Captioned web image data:
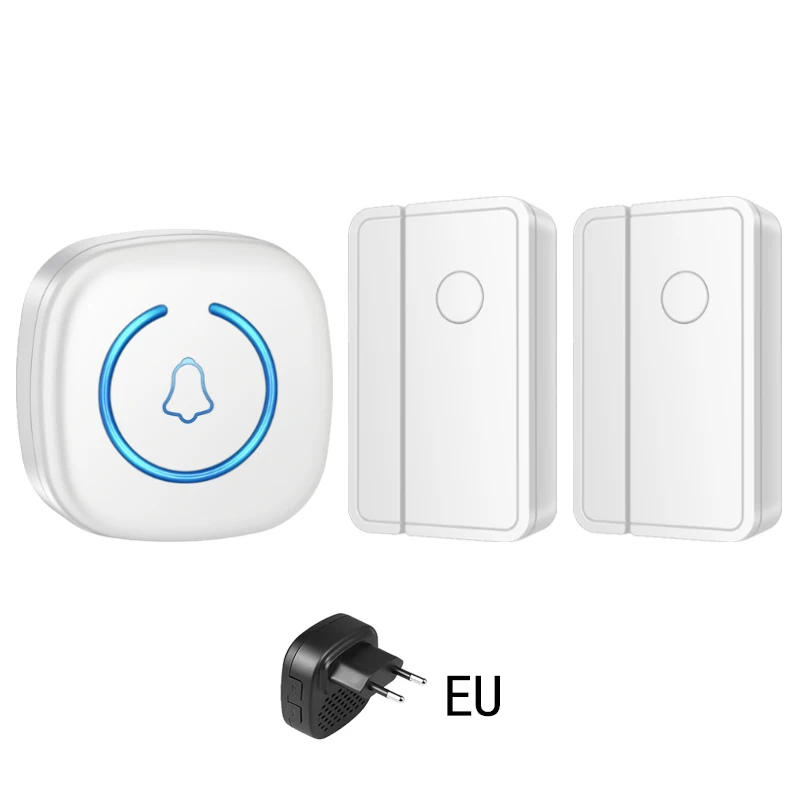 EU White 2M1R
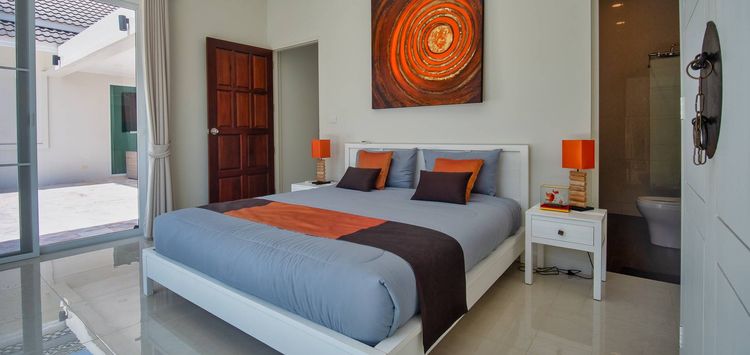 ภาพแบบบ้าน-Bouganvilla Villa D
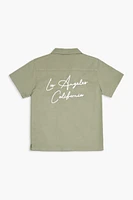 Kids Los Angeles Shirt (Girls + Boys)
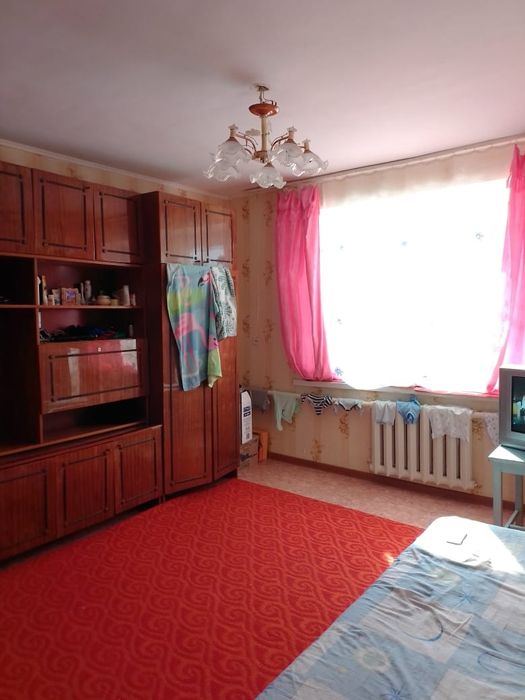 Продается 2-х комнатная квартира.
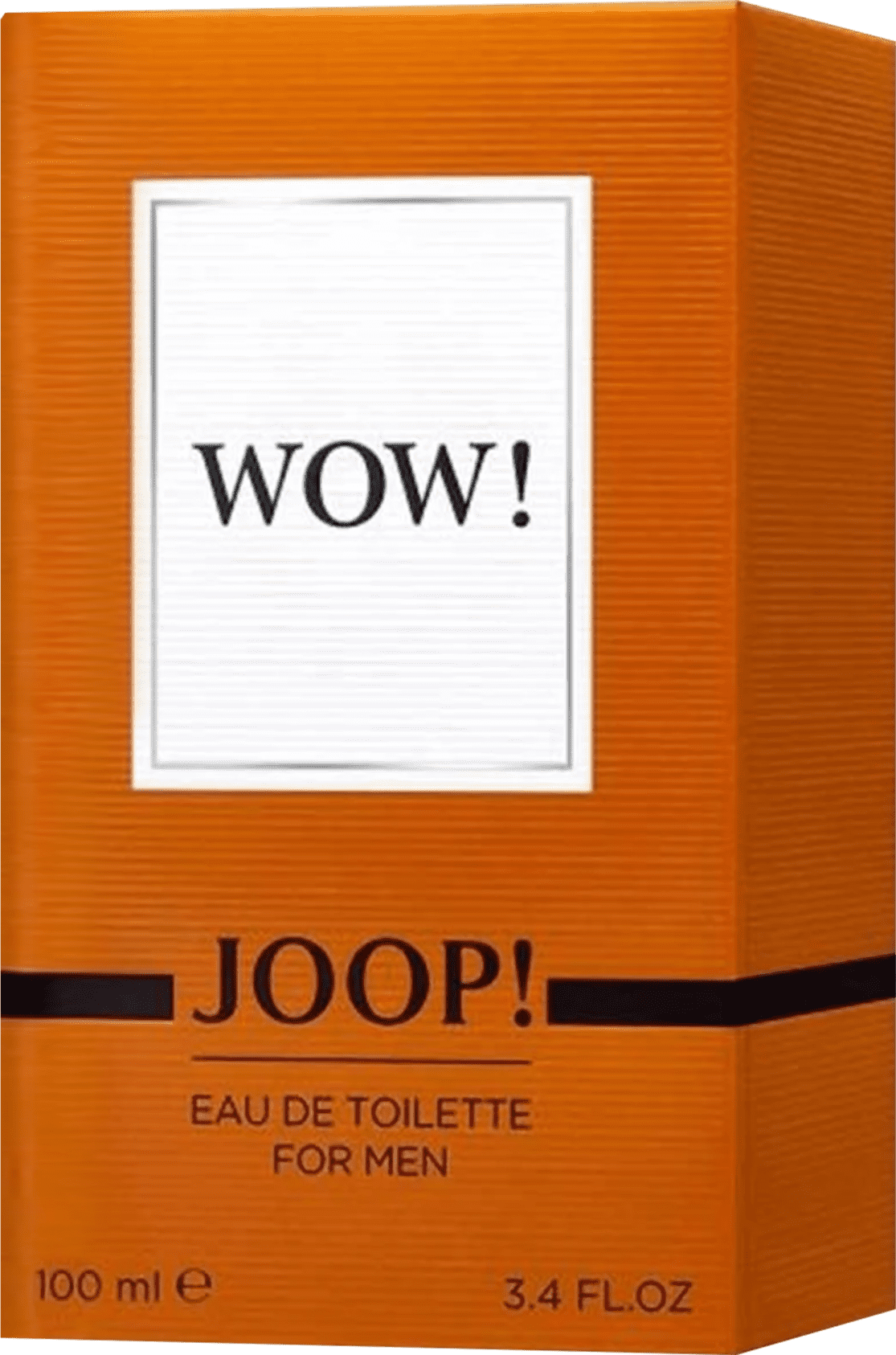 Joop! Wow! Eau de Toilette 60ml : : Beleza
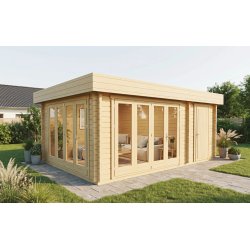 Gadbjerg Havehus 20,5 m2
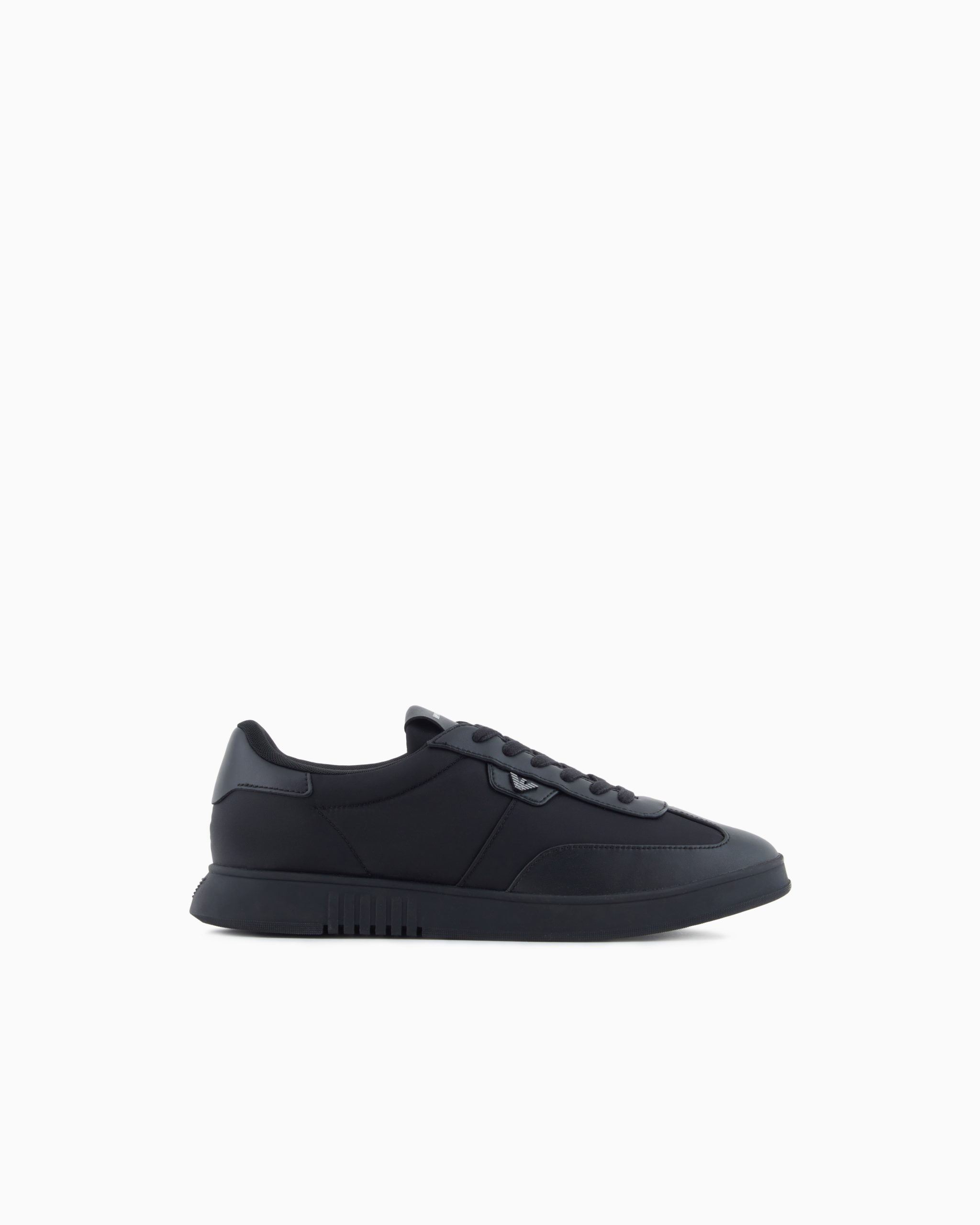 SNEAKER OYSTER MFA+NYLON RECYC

*REQUIREMENT*.
Could you transcribe the records above exactly, leaving every picture out?

*ANSWER SECTION*.
 EU White 2M1R
 ภาพแบบบ้าน-Bouganvilla Villa D
 Kids Los Angeles Shirt (Girls + Boys)
 Продается 2-х комнатная квартира.
 Joop! Wow! Eau de Toilette 60ml : : Beleza
 Gadbjerg Havehus 20,5 m2
 SNEAKER OYSTER MFA+NYLON RECYC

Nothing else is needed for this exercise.